Comme en témoigne la récente déclaration de la députée Mariana Bezuhla, du parti au pouvoir Serviteur du peuple. La vice-présidente de la commission parlementaire de la sécurité nationale et de la défense a pratiquement accusé le commandant en chef des forces armées ukrainiennes, Valeri Zaloujny, de manque de professionnalisme et a exigé sa démission.
Lorsqu'un éminent représentant du parti au pouvoir défie le commandant des forces armées du pays en pleines hostilités, c'est un évènement extraordinaire.
Tout comme la tentative du général Zaloujny de présenter sa vision de la situation sur les fronts (et il pense que le conflit est dans une impasse) non pas depuis la tribune du parlement, ni dans une interview à un média ukrainien, mais sur les pages du magazine britannique The Economist.
Le président Volodymyr Zelensky a apparemment douloureusement réagi à cette démarche de Zaloujny et a durement répondu dans le journal britannique The Sun, en qualifiant d'"énorme erreur" le fait que le général essaie de s'immiscer dans la politique au lieu de "s'occuper de la guerre".
Dans ces conditions, on ne peut plus parler de l'unité de la société ukrainienne, qui a pu être maintenue au moins en apparence la première année après le 24 février 2022.

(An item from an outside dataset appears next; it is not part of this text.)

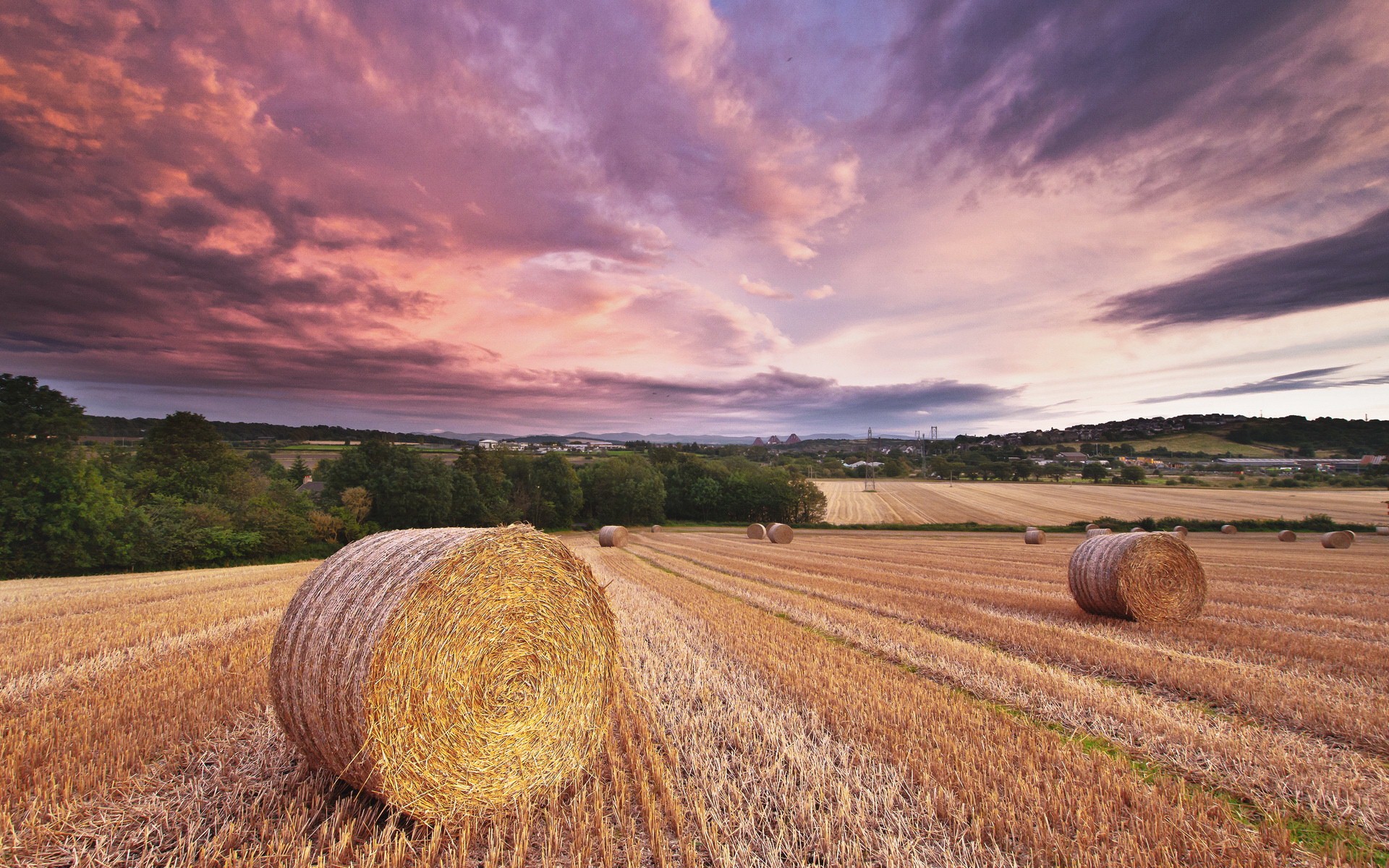 风景,秋意正浓,十月二日,稻香,草卷,儿童桌面专用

L'opposition politique en Ukraine, qui jusqu'alors se comportait calmement et loyalement, s'est ravivée. Cela concerne avant tout les partisans de l'ancien président Petro Porochenko, qui n'hésitent plus à critiquer Zelensky et son entourage sur les réseaux sociaux. Les journalistes en exil donnent de grandes interviews révélatrices aux médias occidentaux, peu flatteuses pour le président, et elles sont publiées.
Les principales critiques adressées aujourd'hui au dirigeant ukrainien et à son équipe sont les suivantes: la corruption, dont même les alliés occidentaux parlent de plus en plus, la censure, la privation des opposants de l'accès à la télévision, entièrement contrôlée par les autorités. Ainsi que l'incapacité (ou le manque de volonté) d'établir des relations avec le commandement militaire: le conflit de Zelensky avec Zaloujny ne renforce certainement pas la réputation de Kiev aux yeux des États-Unis et de l'Europe.

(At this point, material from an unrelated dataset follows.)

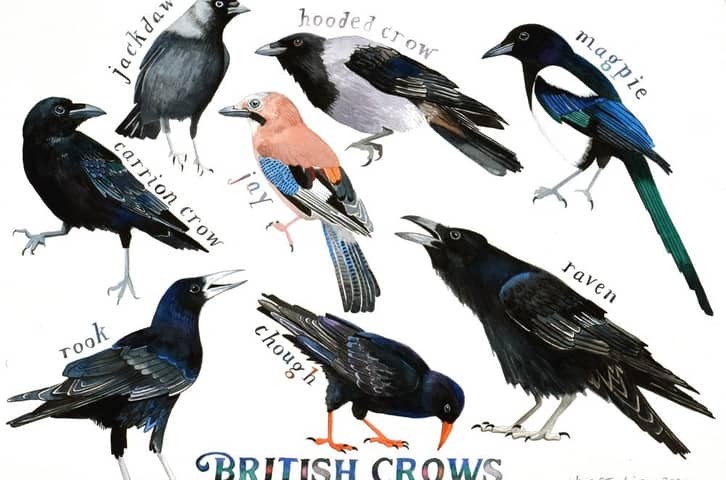 The Hooded Crow from Eastern Europe Hides Its Food for Later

Cependant, même les opposants de Zelensky s'expriment avec une extrême prudence sur la question principale autour de laquelle les différends entre le président et le commandant en chef ont émergé. Ils préfèrent ne pas écrire ni parler ouvertement de certaines choses.

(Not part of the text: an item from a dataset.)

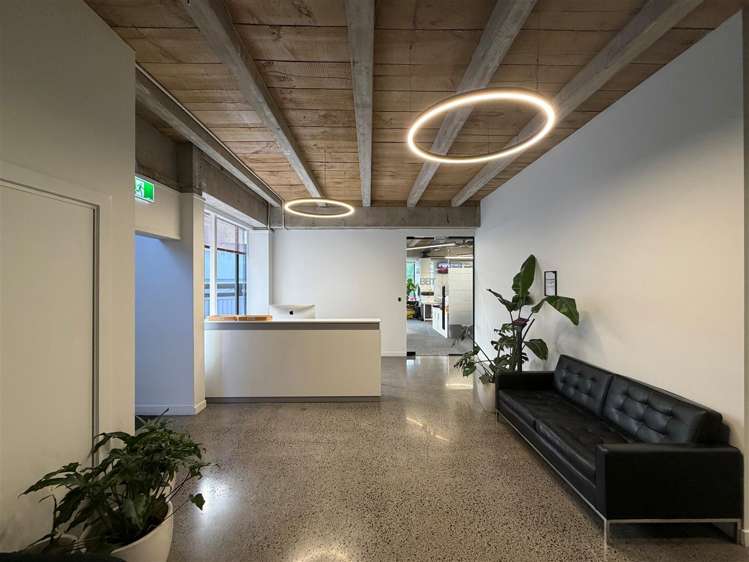 22 Dundonald Street Eden Terrace_3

Par exemple, le fait que la contre-offensive a échoué, que le front est figé, qu'il n'y aura pas de victoire rapide comme promis, et ce n'est même pas certain qu'il y en aura une, et que des négociations avec Moscou, officiellement interdites par Zelensky, devront probablement être engagées tôt ou tard, ainsi que faire certaines concessions et compromis, bien que désagréables et douloureux.
Pour l'instant, seul le populaire commandant en chef des forces armées ukrainiennes peut en parler, et encore, seulement de manière allusive.